Monday, March 22, 2010
Not a juice box in sight
Isla has an unrelenting hatred of the cantine, the lunch room, at her school. I can't blame her really, because it is obvious they want her palate and they want it now, while it's still young and pliable.
But seriously, when I try to get to the bottom of it, I ask her in my most non-threatening voice, why, why, why she complains so much about the cantine, she says:
"Because they always give me yucky food there."
Granted, I have never eaten at Isla's school cantine, but I am having trouble believing her.
One obvious reason for doubting my dear daughter is because she is a bit of a liar.
Another is because, what the French don't know is that Isla already has a very discriminating palate. And by discriminating, I don't mean distinguished. Her palate essentially discriminates against anything that doesn't taste, smell, or look like chocolate, doesn't consist of at least 50 percent sugar, or isn't French fries. All other food is it is basically stupid, poopy, yucky food.
"Ca c'est pas bon! Je n'aime pas!"
In essence, it might be too late for her. She might just be too far gone, too far off keel, despite all that wheat germ I put in her Yo baby yogurts, and all that spinach I still sneak into her pesto, to be righted. Yet, just when I'm starting to fear scurvy or some other sign of grave nutritional deficiency, she turns up at the dinner table and starts shoving broccoli, or Saag Paneer (curried spinach) into her cake hole with fervor.
French schools are known for their, how do I say, superior culinary offerings. Lunch is not so much a vehicle for sustenance as it is an opportunity to learn about the finer things in life.
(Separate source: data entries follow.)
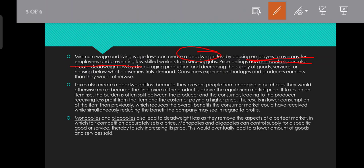Because they prevent people from engaging in purchases they would otherwise make, because the final price of the product is above the equilibrium market price.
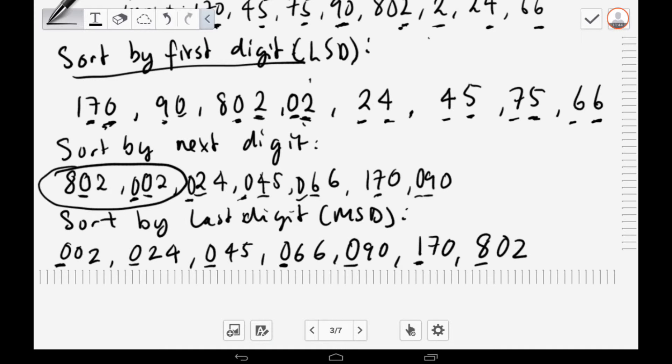The most significant digits in order end up as 0, 0, 0, 0, 0, 1, 8 — in ascending order. After sorting by the most significant digit, the full list is sorted. You only need to consider the current digit at each pass — you do not have to worry about previous or upcoming digits, as the order from prior passes is already preserved.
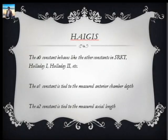Let's put our attention on the Haigis formula, because along with the Holladay 2 formula, the Haigis formula is also one of the first fourth-generation formulas. We learned about the A-constant and how it was improved right from the SRK formula to SRK 2 to SRK-T, but the A-constant did something specific when the SRK-T formula improved it.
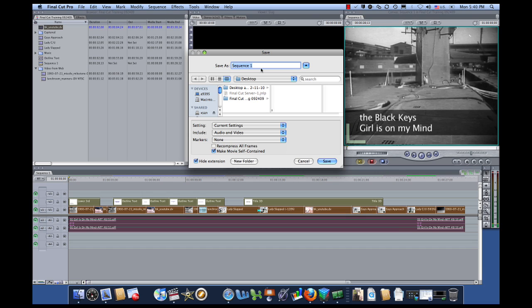Up here, I have a little naming convention that helps me remember what exactly it is I'm exporting. First of all, this video is called Training, so I'm going to keep calling it Training. It's a QuickTime movie and it's high-quality.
Short of wine with their meal, French school lunches are sophisticated affairs.
The French do not treat children like uncivilized babies whose digestive systems, and imaginations, can't handle anything more savory than tater tots and chicken fingers. Instead, they see children as deliciously -blank slates on whom to test their most daring culinary concoctions, including these:
Among them, at least the things I can kind of translate: lentils, beef curry, celery root remoulade, red cabbage viniagrette, carrots with parsely, steamed leeks with fines herbs, beets and corn, spinach in cream sauce, oriental fish, lamb...
This, for example, tray of moules frites (mussels and fries), artichoke, plain yogurt, none of that neon crap here, and flan, is not something you see being served to four year old's everywhere.
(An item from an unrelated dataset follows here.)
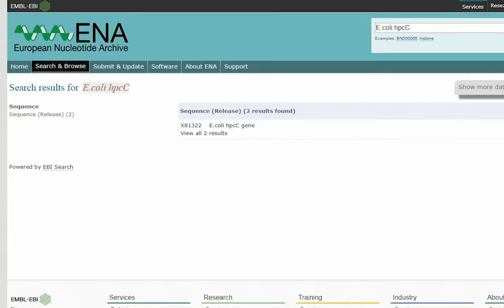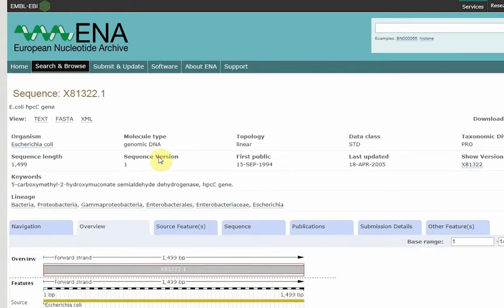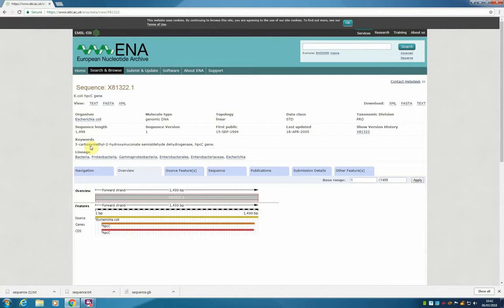And here it comes back with two results. We are going to click on this link. And here we have a similar entry to what we had before. Don't be confused about the different layout, but all the same information is here.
But I've got a feeling Isla's problem with lunch has more to do with the company than it does with food.
"But I don't like being away from Sofie," she says, when pressed. Sofie is her teacher.
"Why can't Sofie come with me to lunch?"
"The same reason I like you to eat lunch at school, sometimes, Isla, Sofie needs a break." (Sofie has 29 four and five-year-olds in her class.)
"Well that's stupid."
Tonight, in bed, she was going on, and on, about how much she hates the cantine and how she cries to Sofie whenever Sofie tells her she has to go, and she doesn't understand why Sofie doesn't just call me when she tells her she doesn't want to go to the Cantine and I said,
"Isla, that's not going to happen! You go to the cantine on Monday, Tuesday and Thursday, three days a week, and that isn't going to change, so stop wishing it would be different."
Okay, Mummy," she said, kissing me. "That's very kind of you."
Not only does my girl have a discriminating palate, she's obviously got a rather discriminating ear as well.